You might cleverly deduce from the subtitle of Never Out of Season: How Having the Food We Want When We Want It Threatens Our Food Supply and Our Future that this is a doom-and-gloom book. I did not, and I regret my oversight. The author does a great job showing that relying on just a handful of the most productive crops is a recipe for disaster as pests and diseases can wipe out entire species. But he does so in the most apocalyptic manner, which weakens the argument, I think. For instance, he could just say that United Fruit planned the Guatemalan railroads to be as useful as possible to transport bananas, rather than as useless as possible to the people of Guatemala. The latter may be a consequence of the former, let’s not exaggerate.
In the same vein, it’s clear we need seed banks, and scientists that are not on the payroll of agribusiness companies. But more inspiring stories (about the survival of the Leningrad seed collection during the WWII siege, for instance) and fewer doomsday descriptions would carry the message forward just as effectively.
Written by a biology professor, Cannibalism: A Perfectly Natural History is divided between the non-human world, where cannibalism is common and marvelously varied, and the human world, where we, as usual, have complicated the practice with all kinds of cultural and religious practices and taboos. I much enjoyed the first half, which leaps deftly from sharks eating their siblings inside their mothers’ oviducts to amphibians that consume the mothers’ oviduct lining using their special spoon-shaped teeth (yikes). It took me a while to appreciate the human stories, but the author investigates the Donner party (and gives us a lovely hand drawing of a beautiful Ponderosa pine supposed to be the tree where George Donner lived his last days), the fearsome original fairy tales in which ogres ate many young children (whitewashed by Disney), gruesome stories of the siege of Leningrad (do not use your imagination), and his memorable adventures eating placenta (does not taste like chicken).

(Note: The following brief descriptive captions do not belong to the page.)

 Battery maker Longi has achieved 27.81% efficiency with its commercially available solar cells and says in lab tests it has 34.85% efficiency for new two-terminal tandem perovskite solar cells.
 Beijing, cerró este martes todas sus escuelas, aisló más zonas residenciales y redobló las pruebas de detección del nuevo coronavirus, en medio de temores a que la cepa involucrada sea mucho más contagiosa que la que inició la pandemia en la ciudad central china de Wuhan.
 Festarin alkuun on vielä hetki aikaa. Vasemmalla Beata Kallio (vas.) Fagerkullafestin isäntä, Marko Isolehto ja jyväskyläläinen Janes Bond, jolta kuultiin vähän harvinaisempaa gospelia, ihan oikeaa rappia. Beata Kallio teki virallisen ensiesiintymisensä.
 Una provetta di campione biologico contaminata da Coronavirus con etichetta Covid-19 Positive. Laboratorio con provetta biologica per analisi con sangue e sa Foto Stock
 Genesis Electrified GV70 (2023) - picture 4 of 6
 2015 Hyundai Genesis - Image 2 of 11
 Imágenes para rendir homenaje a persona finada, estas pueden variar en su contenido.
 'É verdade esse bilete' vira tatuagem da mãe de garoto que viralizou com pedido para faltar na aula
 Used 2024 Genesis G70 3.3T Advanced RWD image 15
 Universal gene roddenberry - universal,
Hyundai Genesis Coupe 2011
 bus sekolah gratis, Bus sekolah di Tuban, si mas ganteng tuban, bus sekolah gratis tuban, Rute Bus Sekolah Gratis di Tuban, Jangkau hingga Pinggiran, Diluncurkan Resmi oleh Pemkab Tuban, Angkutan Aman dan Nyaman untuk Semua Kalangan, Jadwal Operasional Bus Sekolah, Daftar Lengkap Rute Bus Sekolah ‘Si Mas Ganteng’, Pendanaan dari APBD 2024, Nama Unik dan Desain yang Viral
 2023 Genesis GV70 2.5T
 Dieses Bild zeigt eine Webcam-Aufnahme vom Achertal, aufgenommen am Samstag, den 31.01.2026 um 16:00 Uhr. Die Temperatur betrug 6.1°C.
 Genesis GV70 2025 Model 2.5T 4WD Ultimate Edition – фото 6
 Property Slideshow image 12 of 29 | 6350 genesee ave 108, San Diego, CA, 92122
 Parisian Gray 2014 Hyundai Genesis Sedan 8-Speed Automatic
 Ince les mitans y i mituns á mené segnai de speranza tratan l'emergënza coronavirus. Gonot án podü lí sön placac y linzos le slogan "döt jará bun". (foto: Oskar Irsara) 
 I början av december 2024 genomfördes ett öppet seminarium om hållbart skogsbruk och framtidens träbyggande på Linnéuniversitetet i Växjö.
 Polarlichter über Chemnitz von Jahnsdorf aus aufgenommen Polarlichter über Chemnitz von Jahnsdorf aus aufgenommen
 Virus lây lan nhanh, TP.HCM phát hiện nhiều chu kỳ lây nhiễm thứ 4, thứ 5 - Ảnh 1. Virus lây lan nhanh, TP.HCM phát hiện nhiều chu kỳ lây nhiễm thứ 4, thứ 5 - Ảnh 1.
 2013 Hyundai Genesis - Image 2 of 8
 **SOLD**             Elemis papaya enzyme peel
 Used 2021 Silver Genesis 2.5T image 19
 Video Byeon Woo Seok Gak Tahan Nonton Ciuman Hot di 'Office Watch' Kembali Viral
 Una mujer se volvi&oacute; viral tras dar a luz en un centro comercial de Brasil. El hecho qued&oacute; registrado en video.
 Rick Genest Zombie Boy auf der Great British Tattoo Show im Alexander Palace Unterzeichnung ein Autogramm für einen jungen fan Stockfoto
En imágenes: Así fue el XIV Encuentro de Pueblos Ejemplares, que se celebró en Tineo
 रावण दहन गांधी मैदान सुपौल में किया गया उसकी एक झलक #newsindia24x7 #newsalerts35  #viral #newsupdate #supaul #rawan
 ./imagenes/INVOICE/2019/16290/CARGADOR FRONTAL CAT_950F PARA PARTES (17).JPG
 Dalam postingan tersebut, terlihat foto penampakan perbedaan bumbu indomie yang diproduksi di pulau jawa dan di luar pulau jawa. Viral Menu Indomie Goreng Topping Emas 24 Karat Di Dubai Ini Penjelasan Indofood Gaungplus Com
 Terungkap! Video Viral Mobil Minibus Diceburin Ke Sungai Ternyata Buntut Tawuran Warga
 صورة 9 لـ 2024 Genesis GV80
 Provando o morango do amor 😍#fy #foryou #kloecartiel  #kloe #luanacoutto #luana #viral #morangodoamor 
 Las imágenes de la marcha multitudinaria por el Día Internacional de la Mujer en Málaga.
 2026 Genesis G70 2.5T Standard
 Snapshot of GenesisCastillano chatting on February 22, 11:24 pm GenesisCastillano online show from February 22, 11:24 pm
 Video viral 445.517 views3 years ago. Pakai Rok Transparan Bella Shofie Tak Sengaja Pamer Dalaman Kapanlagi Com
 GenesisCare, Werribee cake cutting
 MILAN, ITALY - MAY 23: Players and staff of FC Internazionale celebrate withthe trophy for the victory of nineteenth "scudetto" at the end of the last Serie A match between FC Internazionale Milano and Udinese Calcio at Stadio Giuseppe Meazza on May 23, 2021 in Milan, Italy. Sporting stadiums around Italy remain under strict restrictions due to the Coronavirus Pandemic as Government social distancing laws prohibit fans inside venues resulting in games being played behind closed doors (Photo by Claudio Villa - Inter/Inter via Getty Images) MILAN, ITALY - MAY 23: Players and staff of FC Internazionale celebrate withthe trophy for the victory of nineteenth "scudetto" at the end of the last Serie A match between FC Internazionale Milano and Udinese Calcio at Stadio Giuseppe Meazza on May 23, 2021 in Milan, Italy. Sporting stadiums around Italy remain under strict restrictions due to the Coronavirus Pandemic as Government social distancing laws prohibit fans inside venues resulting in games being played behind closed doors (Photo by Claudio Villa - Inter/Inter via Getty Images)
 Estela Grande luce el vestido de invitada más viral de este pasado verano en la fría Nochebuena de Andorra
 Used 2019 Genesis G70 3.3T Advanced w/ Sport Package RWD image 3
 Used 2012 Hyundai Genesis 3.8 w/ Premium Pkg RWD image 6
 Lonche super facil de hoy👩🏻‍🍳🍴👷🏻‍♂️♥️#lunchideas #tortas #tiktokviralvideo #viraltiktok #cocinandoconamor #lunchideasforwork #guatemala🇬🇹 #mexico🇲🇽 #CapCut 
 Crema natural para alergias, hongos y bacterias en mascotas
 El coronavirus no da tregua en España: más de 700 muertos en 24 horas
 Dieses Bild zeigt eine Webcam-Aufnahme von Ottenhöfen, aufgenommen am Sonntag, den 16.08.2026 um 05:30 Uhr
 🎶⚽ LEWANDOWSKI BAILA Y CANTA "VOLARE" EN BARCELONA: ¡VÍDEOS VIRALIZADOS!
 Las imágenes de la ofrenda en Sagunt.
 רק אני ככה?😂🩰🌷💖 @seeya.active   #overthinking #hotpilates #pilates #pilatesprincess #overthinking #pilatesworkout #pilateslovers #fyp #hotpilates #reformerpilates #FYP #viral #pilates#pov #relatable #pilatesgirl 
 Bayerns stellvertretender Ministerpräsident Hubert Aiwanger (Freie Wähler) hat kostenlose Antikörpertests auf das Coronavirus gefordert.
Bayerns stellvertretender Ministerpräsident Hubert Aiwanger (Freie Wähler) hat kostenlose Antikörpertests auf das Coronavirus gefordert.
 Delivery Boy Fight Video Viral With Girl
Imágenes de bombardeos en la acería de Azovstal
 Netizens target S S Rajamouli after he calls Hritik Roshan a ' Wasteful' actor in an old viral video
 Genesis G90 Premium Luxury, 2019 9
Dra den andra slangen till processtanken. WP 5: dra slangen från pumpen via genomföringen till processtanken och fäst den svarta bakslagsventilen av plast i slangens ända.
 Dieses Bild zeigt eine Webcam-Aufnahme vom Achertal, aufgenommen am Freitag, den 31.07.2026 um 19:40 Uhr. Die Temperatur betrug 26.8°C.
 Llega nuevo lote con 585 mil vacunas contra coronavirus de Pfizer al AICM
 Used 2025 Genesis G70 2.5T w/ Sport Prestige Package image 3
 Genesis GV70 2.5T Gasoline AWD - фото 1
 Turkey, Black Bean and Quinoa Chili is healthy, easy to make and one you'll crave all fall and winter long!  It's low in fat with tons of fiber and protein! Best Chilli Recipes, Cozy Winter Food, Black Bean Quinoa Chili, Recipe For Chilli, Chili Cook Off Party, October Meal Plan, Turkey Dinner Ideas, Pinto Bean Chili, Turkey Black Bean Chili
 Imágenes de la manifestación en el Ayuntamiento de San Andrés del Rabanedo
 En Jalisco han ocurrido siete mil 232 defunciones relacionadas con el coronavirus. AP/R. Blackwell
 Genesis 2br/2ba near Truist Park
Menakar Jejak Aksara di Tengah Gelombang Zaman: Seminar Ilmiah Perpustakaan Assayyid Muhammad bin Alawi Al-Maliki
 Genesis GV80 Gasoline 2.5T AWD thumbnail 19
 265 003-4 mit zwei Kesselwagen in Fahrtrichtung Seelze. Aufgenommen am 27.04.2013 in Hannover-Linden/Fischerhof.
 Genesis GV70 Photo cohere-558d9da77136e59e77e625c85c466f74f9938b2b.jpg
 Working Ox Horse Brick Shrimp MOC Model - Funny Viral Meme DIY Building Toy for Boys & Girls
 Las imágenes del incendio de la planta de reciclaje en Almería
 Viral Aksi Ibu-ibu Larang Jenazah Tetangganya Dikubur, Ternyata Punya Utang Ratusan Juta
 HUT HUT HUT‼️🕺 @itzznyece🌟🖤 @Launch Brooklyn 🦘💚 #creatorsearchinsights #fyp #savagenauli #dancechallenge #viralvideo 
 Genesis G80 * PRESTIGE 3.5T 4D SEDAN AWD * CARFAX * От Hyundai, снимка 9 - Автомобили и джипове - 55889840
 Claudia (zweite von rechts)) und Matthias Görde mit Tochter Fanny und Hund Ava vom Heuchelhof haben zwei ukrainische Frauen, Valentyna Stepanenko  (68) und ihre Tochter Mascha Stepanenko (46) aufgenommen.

Great book. Try not to read it in public, at least if you are reading a hard copy!
I’m going to say that Thing We Have In Common is a mystery, since it contains a crime, and a serious one, the disappearance of a teenager, but the focus is on one of her classmates, a fat, friendless, and bullied classmate who is fascinated by the popular girl and convinced that a mysterious man is watching her and may bring her harm. The action is mostly in the girl’s mind, with short interactions with her mother and stepfather — and eventually the police. The peculiar logic of teenagers is perfectly captured, all the way to the disturbing, unsettled ending.